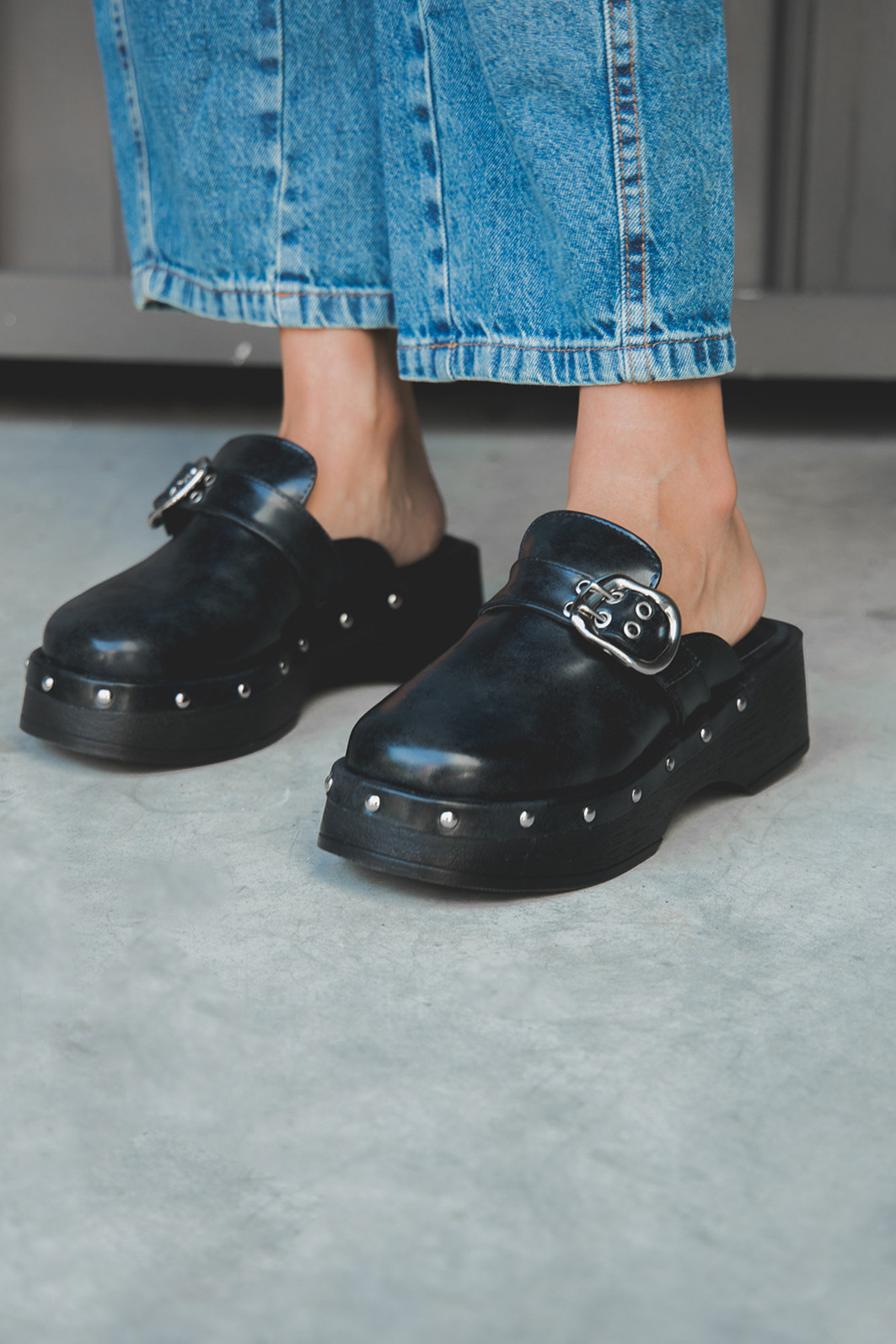 CLOG PLATAFORMA COM FIVELA PRETO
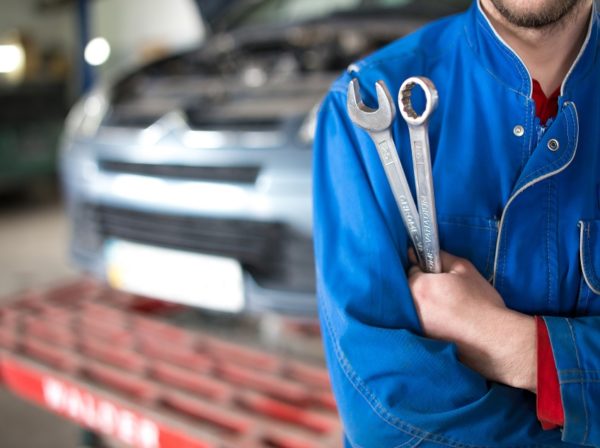 Fix up the future with a Car Mechanic Course!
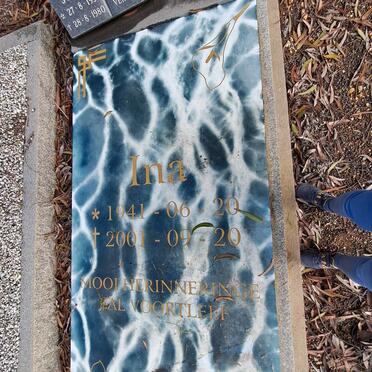 BASSON Johan 1935-1980 &amp; Ina 1941-2001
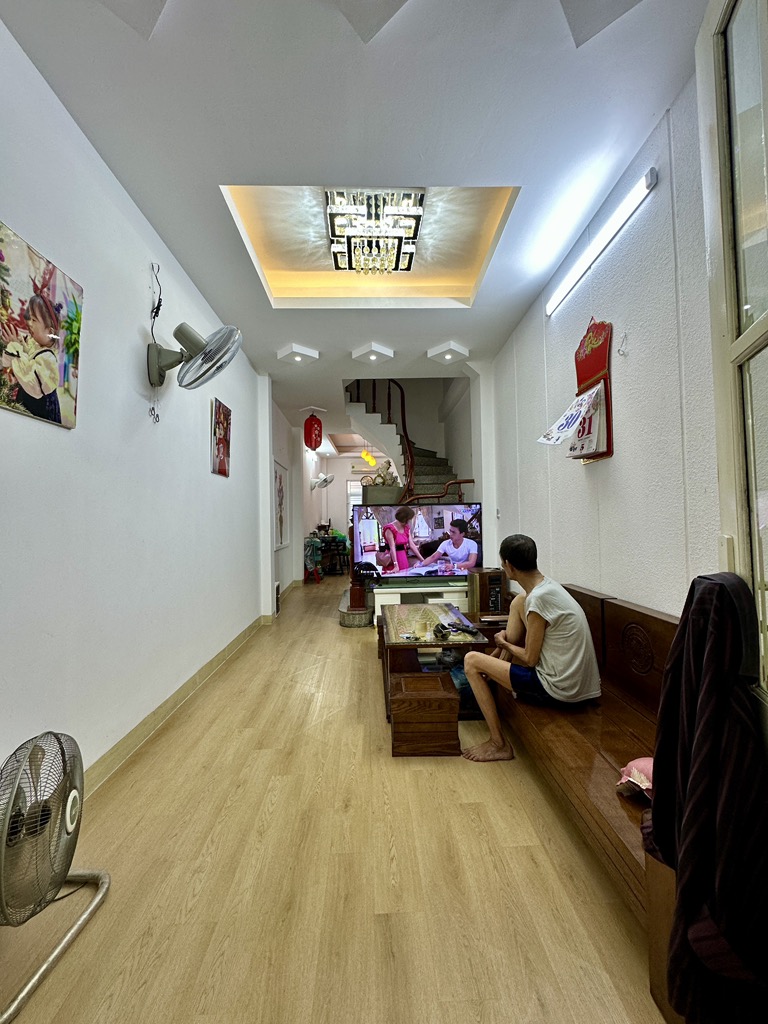 Bán nhà Ngõ Quỳnh - diện tích 35m2 4 tầng - vị trí trung tâm - giá 8,35 tỷ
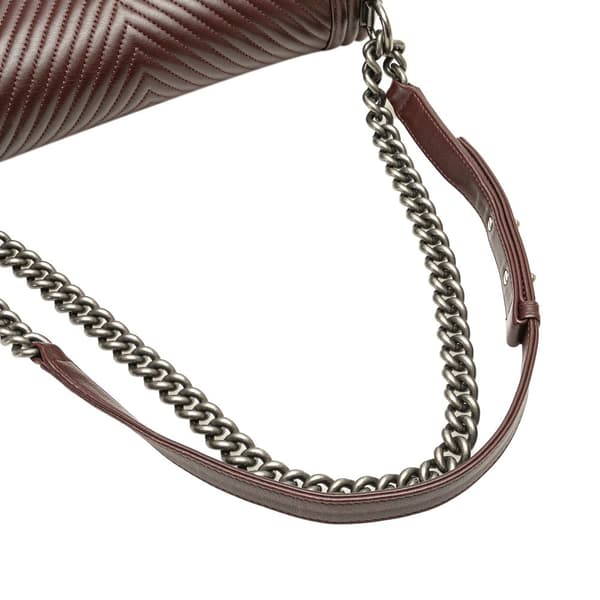 Pre-owned Chanel Medium Chevron Calfskin Boy Flap Red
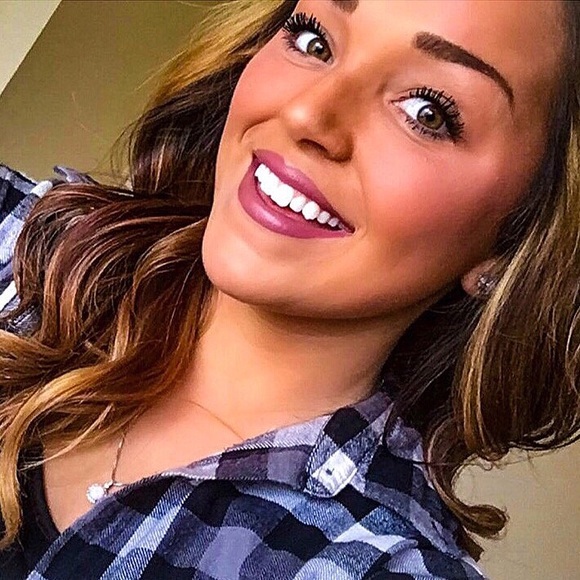 Profile Picture of Brittany Valandra (@bvalandra) on Poshmark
***
WORK INSTRUCTIONS:
Copy out only the lines beginning at the line with "Bán nhà Ngõ" and ending at the last line of the entries. Keep them exact; drop pictures.

SOLUTION FOR THIS PROBLEM:
 Bán nhà Ngõ Quỳnh - diện tích 35m2 4 tầng - vị trí trung tâm - giá 8,35 tỷ
 Pre-owned Chanel Medium Chevron Calfskin Boy Flap Red
 Profile Picture of Brittany Valandra (@bvalandra) on Poshmark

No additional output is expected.